In Anticipation of Advent

Suzanne Cooke, RSCJ
"No matter our particular job especially in our world today we are all called
to be ‘Tikkun Olam,’ repairers of creation."
- Mr. Rogers
 
Like so many people, I traveled during Thanksgiving. During one of the flights, I watched the documentary about Mr. Rogers called, Won’t You Be My Neighbor? Anyone who knows children and values them should see this film.
 
I knew very little about Mr. Rogers prior to watching the documentary. Since then I have been thinking about Mr. Rogers’ call to all of us to be repairers of the creation. The context of his comment was an invitation issued to him by PBS. Reeling from the aftershock of 9/11, PBS producers invited Mr. Rogers back to offer some insights and hope to children and adults. In his classic, simple straightforward fashion, sitting at a piano, Mr. Rogers looks up and gazes into the camera although you feel as if he is talking directly to you…
 
No matter our particular job especially in our world today we are all called
to be “Tikkun Olam,” repairers of creation. Thank you for whatever you do,
wherever you are, to bring joy and light and hope and faith and pardon and love
to your neighbor and yourself.
 
To be called to be repairers of the earth is exactly the impulse behind Saint Madeleine Sophie’s vision of the Society of the Sacred Heart. Yet, I did not know the term, Tikkun Olam. I looked it up. The word is a Jewish concept defined by acts of kindness performed to perfect or repair the world. The phrase is found in the Mishnah, a body of classical rabbinic teachings. For this concept to come alive to you, please listen to Rachel Naomi Remer tell the story of the birthday of the world to Krista Tippett, the host of On Being.

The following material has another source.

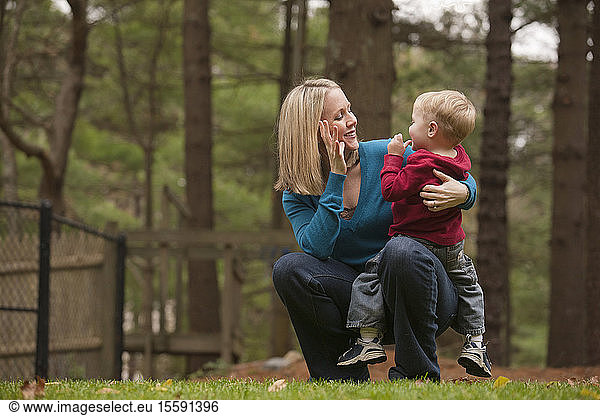 Woman signing the word 'Mommy' in American Sign Language while communicating with her son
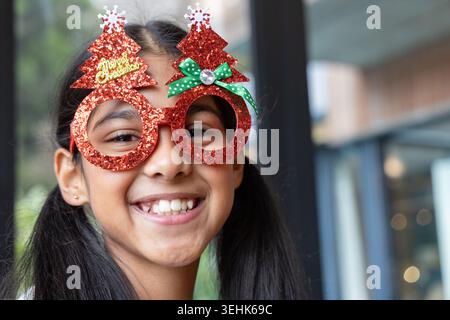 Indian female child smiling and wearing red glitter Christmas-tree glasses at cafe windows Stock Photo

As you will learn from the podcast, Dr. Remer’s grandfather told her the story of the birthday of the world on her fourth birthday. I offer this summary but listening to the story just as watching Won’t You Be My Neighbor? engages one’s entire being.

 In the beginning there was only the holy darkness, the Ein Sof, the source of life. And then, in
the course of history, at a moment in time, this world, the world of a thousand, thousand things,
emerged from the heart of the holy darkness as a great ray of light. And then, perhaps because
this is a Jewish story, there was an accident, and the vessels containing the light of the world,
the wholeness of the world, broke. And the wholeness of the world, the light of the world was
scattered into a thousand, thousand fragments of light, and they fell into all events and all people,
where they remain deeply hidden until this very day. Now, according to my grandfather, the whole
human race is a response to this accident. We are here because we are born with the capacity to
find the hidden light in all events and all people, to lift it up and make it visible once again and
thereby to restore the innate wholeness of the world. It's a very important story for our times. And
this task is called tikkun olam in Hebrew. It's the restoration of the world.
 
I offer the readers of Musings this story the week before Advent. As we prepare our hearts, our consciousness, to receive Christ the Light in new and deeper ways, let us pray that we can each be open to the sense of possibility Dr. Remer’s story offers. As she explains, … “It’s not about healing the world by making a huge difference. It's about healing the world that touches you, that's around you." She and Mr. Rogers comprehend that each of us is called to be a light, a beacon of hope, simply by inviting those who cross our paths into relationship of respect, kindness and graciousness.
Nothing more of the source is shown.